I recognize that a great many people genuinely do get excited every four years at the opportunity to see their top athletes in competition against the world’s best. But this farce of ‘Olympic spirit’ has surely gone on long enough.
The notion of ‘amateur’ athletes died years ago, and the sight of multi-millionaire Team USA basketball players secreted away from other Olympic Village athletes into their own luxury hotel accommodations has done little to quell that reality. Olympic spirit was never at play during the boycotts that beset Cold War-era Olympics, or in the tragedy of Munich, or in the corrupt behind-the-scenes briberies and inducements that lead to so many cities being chosen as Olympic hosts in the first place. And exactly how many drug cheats do we need ejected from competition until we finally recognize that notions of fair and healthy competition were dead long before we first spotted female East German athletes looking like extras from a Mr. Universe event?
Corporations litter the grim Olympic landscape with billboards and airbrushed, smiling faces, while host cities often take decades to recover from the financial costs that a Games has heaped upon them. For every genuinely inspiring moment my a non-winning athlete from a fringe sporting nation, television broadcasters outshine those achievements with news of gold, gold and more gold by heavily sponsored, multi-coached athletes contributing to their nation’s push for the false glory of dominating that all-important ‘medal tally’.

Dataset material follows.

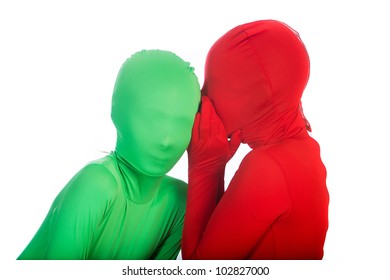 Two Kids Wearing Bright, Colorful Spandex Body Suits.  One Is Red, The Other Is Green.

No, the Olympic ideals may have been borne from good intentions and a genuine, heartening sense of global goodwill in times past, but today I can’t see that spirit in any true, honest form. I choose to skip these London Olympics, thank you very much. I’d hazard a guess that I’ll see better examples of pure sportsmanship and spirit at my son’s local football game this weekend- albeit save for a few over-eager sideline-coach fathers. That’s an event I’ll gladly watch.